[Opening Given information section]

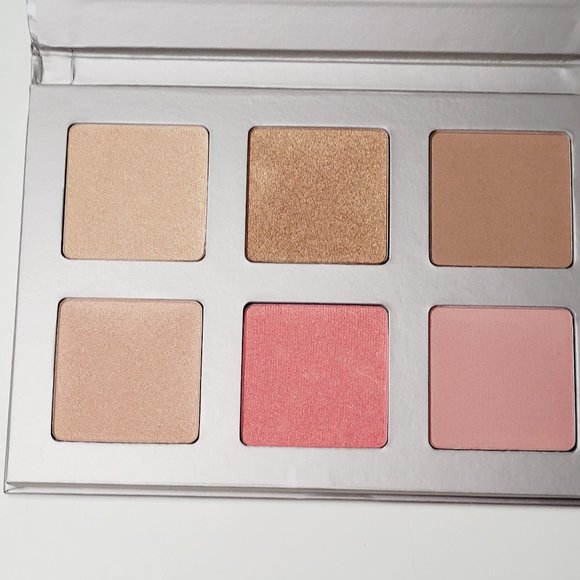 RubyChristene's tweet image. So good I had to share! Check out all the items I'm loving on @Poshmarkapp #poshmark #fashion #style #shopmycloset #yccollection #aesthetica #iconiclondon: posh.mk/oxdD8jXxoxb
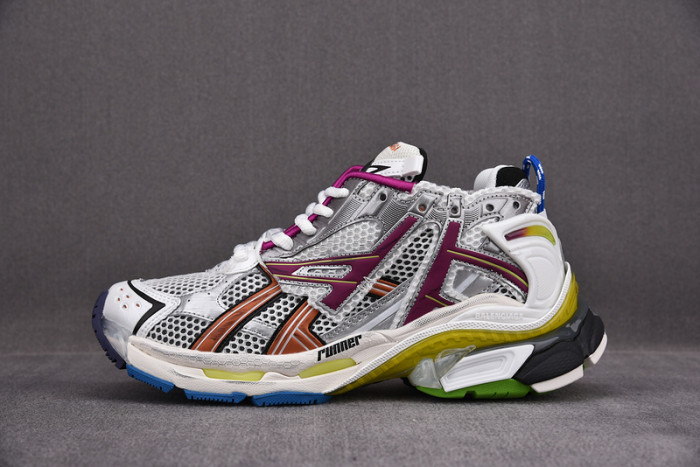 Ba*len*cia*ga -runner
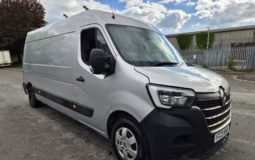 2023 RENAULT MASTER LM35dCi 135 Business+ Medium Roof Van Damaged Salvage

[Closing Given information section]

#### Task statement
Pictures are to be omitted. Print exactly the lines from the line containing "Ba*len*cia*ga -runner" through the final line of the material above, both included.

#### Your response
 Ba*len*cia*ga -runner
 2023 RENAULT MASTER LM35dCi 135 Business+ Medium Roof Van Damaged Salvage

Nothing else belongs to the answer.